[Excerpted data Boundary: Start]

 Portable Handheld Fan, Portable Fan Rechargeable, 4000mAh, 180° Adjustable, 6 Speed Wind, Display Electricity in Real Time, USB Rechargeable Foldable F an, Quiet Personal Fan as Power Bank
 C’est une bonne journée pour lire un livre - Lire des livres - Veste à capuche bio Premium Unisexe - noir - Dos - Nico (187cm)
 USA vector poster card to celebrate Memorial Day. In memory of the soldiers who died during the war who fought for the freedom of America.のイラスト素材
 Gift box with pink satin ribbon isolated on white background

[Excerpted data Boundary: End]
[Excerpted data Boundary: Start]

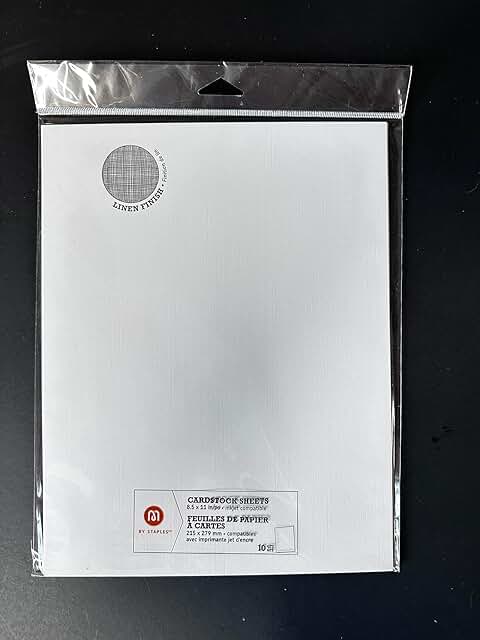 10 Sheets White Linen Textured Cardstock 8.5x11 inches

[Excerpted data Boundary: End]
[Excerpted data Boundary: Start]

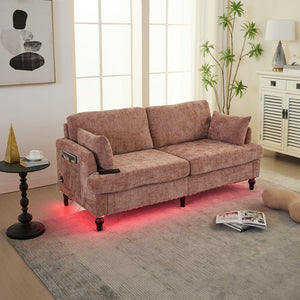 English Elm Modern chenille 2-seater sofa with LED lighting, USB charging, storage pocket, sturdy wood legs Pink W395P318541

[Excerpted data Boundary: End]

## What to work on
There is a line with "Portable Handheld Fan, Portable" and a line with "Gift box with" above. Copy exactly those two lines and all lines between them, with nothing else.

## Final answer
 Portable Handheld Fan, Portable Fan Rechargeable, 4000mAh, 180° Adjustable, 6 Speed Wind, Display Electricity in Real Time, USB Rechargeable Foldable F an, Quiet Personal Fan as Power Bank
 C’est une bonne journée pour lire un livre - Lire des livres - Veste à capuche bio Premium Unisexe - noir - Dos - Nico (187cm)
 USA vector poster card to celebrate Memorial Day. In memory of the soldiers who died during the war who fought for the freedom of America.のイラスト素材
 Gift box with pink satin ribbon isolated on white background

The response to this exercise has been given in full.